I am not giving up, and I hope I will still achieve some big success.
In the shortest term... I have a baby now, which turned my life upside down a bit, so I need to solve some logistic problems first (e.g. to buy a new flat) and get used to the new situation. It might take a year. -- Not complaining here; I always wanted to have children, but it's taking time and energy and money, so my options are now more limited than usual. I believe it will be okay in a few months, but today, I am rather busy and tired. Also, having a family limits my options; for example if I would decide that moving to another city would make my life better, it is no longer only my own decision. My hands are a bit more tied than they would be if I were 25 again.
I still didn't give up completely on starting a rationalist community in my own city, and I have two specific plans. (1) These days I am finishing the translation of the LW Sequences book; when it is ready, I will distribute it freely and try to make it popular, and hope that people who enjoy it will contact me. (2) In September, I plan to do some rationality "lectures" (advertising for LW and for the translated book) on at least one high school, and one university.
I will probably not do anything scientific, ever; that train has already gone.

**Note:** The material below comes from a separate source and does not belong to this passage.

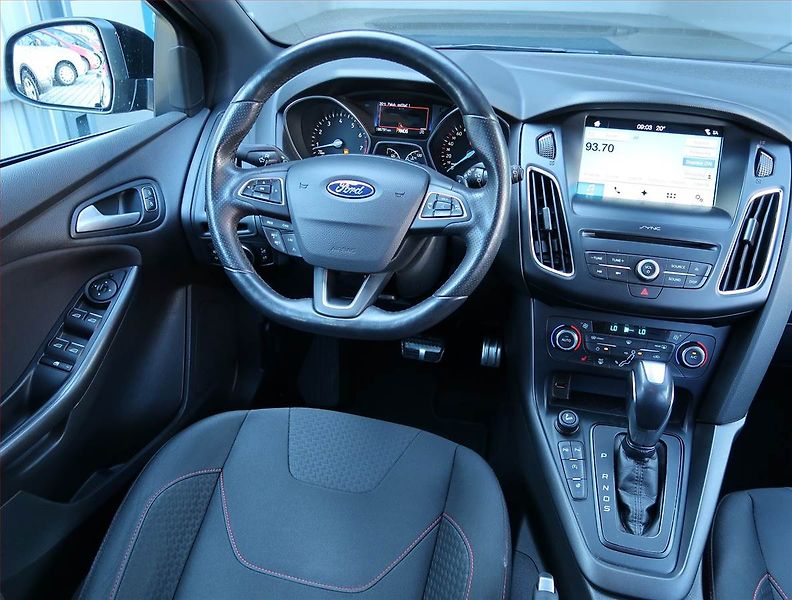 Ford Focus (2018) ST-Line 1.5 EcoBoost, Automat - fotka 7 z 17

Cannot compete with 20-years olds with fresh brains and fresh memories of their university lectures, who don't have a family to feed. It would be wiser to focus fully on my personal life and making money, because that's what I have to do anyway. -- The current plan is writing computer games, because the entry costs are almost zero, and I can do it at home in the evenings when the baby sleeps. (I have to keep the day job to pay bills.) Later, when the baby grows up and starts attenting school, I may try something more ambitious.
But still, even if my plans succeed and I live till 80, I will not be able to do as much as in the hypothetical parallel universe where I would find a LW community as a teenager (and also live till 80). But it will still be better than yet another parallel universe where LW doesn't exist at all or where I am somehow unable to find it.
It is so painful to have an easily available possible world in which you find LessWrong earlier than in the real world. I ran into LW/OB five times since I was 16 and didn't stick around until I was 21. I can't imagine what I would be like with five years of exposure to the important things that I've been exposed to in the past six months, as well as having grown alongside the community, seeing as how I came around near the time that LW began.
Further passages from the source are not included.